> Problem description
Every picture is to be removed, and all the data is to be copied exactly.

> Data excerpt
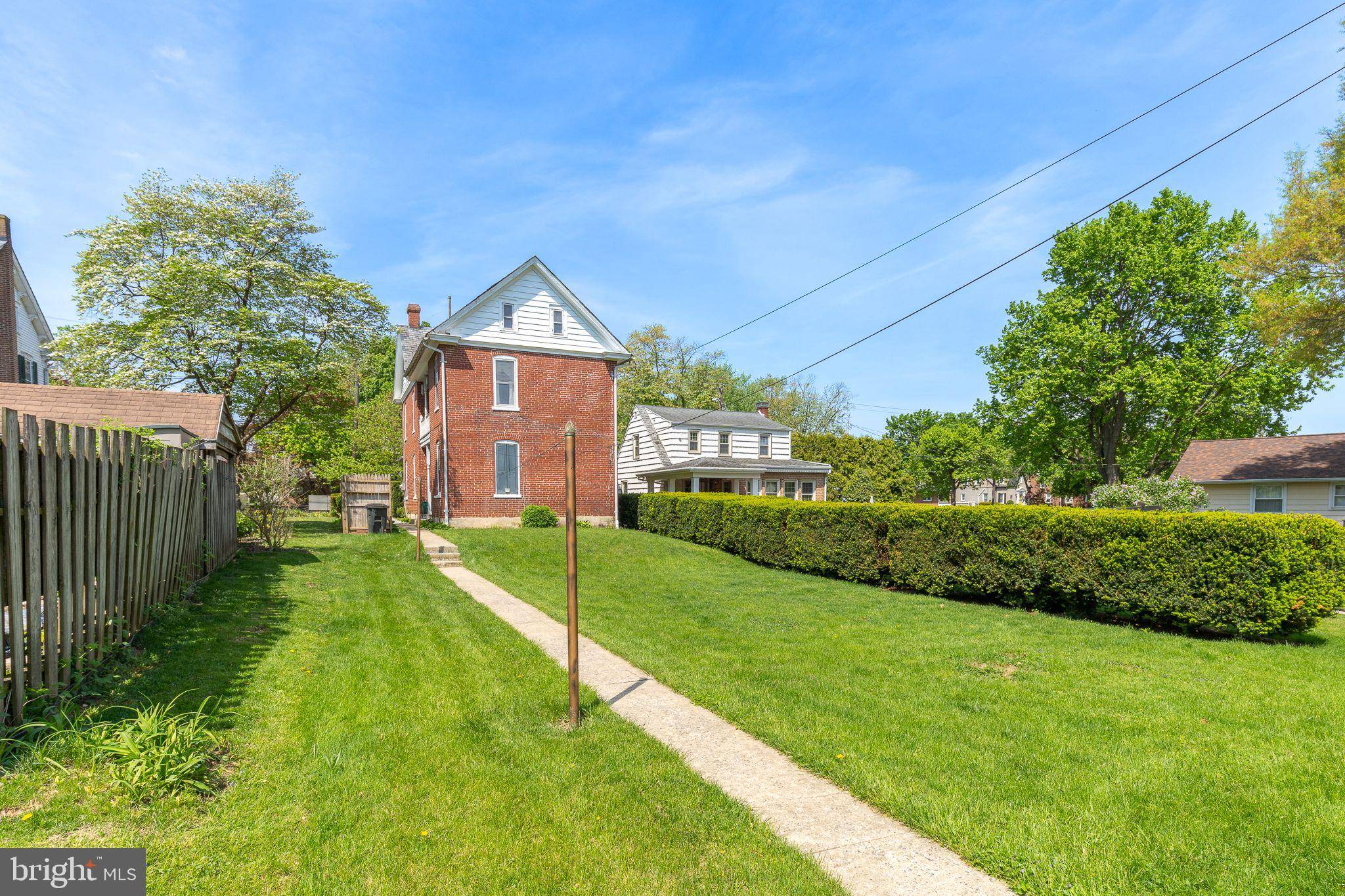Lititz, PA 17543,319 N BROAD ST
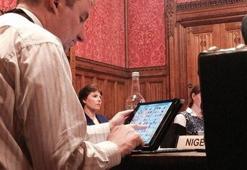 Mecliste 2.5 saat Candy Crush oynadı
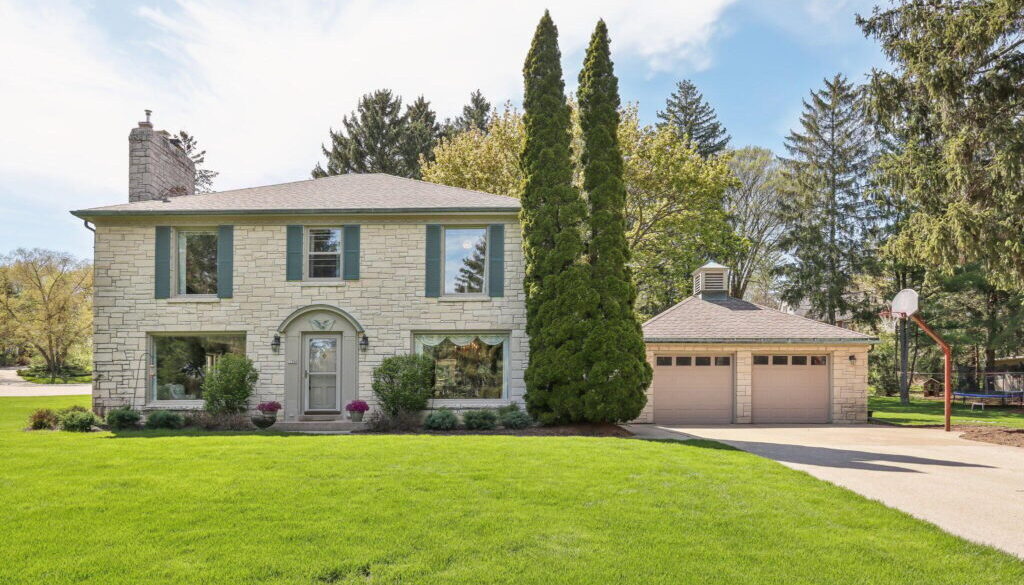 17350 Morningview Ct Brookfield, Wisconsin 53045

> Worked solution
Lititz, PA 17543,319 N BROAD ST
 Mecliste 2.5 saat Candy Crush oynadı
 17350 Morningview Ct Brookfield, Wisconsin 53045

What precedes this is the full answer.